Exercise instructions ▸ When you reach the line containing "CM आवास योजना ग्रामीण के लिए 20 करोड़ मंजूर CM" in the entries below, begin reproducing lines exactly, and stop once the line containing "三餐四季ins厨房玻璃门贴纸居家客厅装饰推拉移门防撞布置静电贴" is done.

The records ▸
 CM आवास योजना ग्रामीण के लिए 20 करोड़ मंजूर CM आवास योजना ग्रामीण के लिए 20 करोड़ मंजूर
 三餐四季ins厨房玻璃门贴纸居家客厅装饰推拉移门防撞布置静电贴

...

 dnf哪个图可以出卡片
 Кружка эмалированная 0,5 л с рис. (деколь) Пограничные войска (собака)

* * *

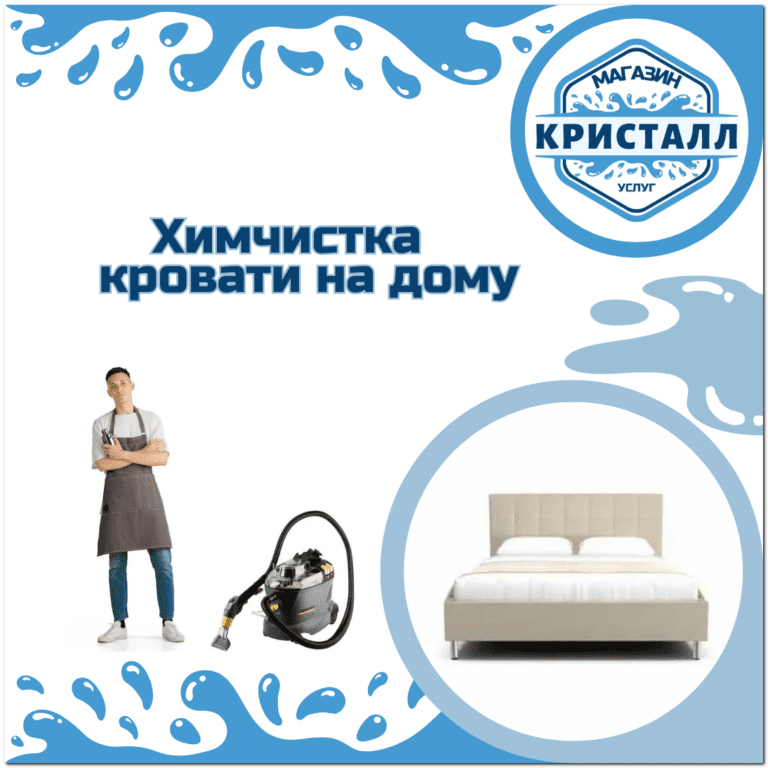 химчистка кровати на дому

Solution ▸
 CM आवास योजना ग्रामीण के लिए 20 करोड़ मंजूर CM आवास योजना ग्रामीण के लिए 20 करोड़ मंजूर
 三餐四季ins厨房玻璃门贴纸居家客厅装饰推拉移门防撞布置静电贴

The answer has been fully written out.